Exercise =>
Tally the lines below that hold the string "Soft", and report the tally by itself.

Records from a data source =>
=-=-=

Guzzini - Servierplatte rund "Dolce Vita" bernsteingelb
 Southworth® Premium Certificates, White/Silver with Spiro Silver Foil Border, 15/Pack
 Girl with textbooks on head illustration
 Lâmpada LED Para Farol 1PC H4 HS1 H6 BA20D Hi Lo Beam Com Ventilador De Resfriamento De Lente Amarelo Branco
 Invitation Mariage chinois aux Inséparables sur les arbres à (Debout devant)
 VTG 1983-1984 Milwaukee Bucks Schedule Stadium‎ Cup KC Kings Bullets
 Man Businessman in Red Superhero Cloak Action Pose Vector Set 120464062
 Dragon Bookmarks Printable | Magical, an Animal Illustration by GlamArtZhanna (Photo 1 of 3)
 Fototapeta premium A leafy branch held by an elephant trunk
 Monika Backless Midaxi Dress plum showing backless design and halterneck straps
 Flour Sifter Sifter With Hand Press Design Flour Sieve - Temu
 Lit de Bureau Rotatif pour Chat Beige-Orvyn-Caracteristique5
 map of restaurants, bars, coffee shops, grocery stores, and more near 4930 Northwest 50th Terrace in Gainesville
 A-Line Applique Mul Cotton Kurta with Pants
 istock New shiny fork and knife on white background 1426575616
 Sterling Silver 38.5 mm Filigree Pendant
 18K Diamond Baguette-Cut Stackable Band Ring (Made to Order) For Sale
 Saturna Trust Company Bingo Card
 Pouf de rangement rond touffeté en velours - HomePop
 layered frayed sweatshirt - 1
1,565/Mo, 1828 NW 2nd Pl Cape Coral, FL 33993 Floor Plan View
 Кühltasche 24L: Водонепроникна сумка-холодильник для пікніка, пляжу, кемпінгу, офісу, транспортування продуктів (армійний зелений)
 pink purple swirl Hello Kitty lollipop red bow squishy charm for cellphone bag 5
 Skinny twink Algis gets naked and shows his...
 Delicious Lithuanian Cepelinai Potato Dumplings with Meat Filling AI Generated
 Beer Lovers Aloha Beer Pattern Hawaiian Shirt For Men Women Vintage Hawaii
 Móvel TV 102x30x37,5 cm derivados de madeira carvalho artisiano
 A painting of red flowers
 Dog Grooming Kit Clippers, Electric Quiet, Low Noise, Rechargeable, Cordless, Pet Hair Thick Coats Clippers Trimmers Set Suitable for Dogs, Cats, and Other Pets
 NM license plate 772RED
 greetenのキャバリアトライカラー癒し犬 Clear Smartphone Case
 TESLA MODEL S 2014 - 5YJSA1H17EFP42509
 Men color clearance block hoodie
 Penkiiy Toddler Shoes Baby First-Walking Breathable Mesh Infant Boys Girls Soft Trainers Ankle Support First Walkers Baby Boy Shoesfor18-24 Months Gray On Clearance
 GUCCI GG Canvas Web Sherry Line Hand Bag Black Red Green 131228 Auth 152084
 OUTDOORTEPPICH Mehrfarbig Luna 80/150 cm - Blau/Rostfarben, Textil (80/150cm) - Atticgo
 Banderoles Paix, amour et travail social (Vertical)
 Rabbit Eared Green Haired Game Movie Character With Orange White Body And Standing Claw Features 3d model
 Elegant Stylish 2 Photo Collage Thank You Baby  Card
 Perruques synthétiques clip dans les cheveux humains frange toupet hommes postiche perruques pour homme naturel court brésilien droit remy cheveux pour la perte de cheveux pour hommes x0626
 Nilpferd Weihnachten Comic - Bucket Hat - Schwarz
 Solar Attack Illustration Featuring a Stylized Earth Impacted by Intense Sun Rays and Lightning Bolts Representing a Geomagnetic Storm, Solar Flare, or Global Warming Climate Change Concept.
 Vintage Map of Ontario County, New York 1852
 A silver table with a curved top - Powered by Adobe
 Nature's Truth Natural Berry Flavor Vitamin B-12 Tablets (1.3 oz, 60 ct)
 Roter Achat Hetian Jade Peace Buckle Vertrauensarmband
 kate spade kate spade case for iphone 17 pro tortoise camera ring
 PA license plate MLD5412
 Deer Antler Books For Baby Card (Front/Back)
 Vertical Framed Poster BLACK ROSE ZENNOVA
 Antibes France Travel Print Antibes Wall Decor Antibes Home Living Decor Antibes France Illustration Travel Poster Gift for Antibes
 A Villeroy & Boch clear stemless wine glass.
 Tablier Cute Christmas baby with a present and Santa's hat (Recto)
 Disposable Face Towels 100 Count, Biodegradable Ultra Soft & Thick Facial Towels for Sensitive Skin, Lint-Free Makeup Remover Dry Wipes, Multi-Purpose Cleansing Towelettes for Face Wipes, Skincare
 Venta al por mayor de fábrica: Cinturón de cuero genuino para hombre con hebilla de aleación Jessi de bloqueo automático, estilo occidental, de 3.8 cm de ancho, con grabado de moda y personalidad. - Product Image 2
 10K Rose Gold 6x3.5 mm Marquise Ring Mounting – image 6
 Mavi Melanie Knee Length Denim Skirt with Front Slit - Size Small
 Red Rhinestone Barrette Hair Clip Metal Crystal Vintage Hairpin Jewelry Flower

=-=-=

Exercise solution =>
2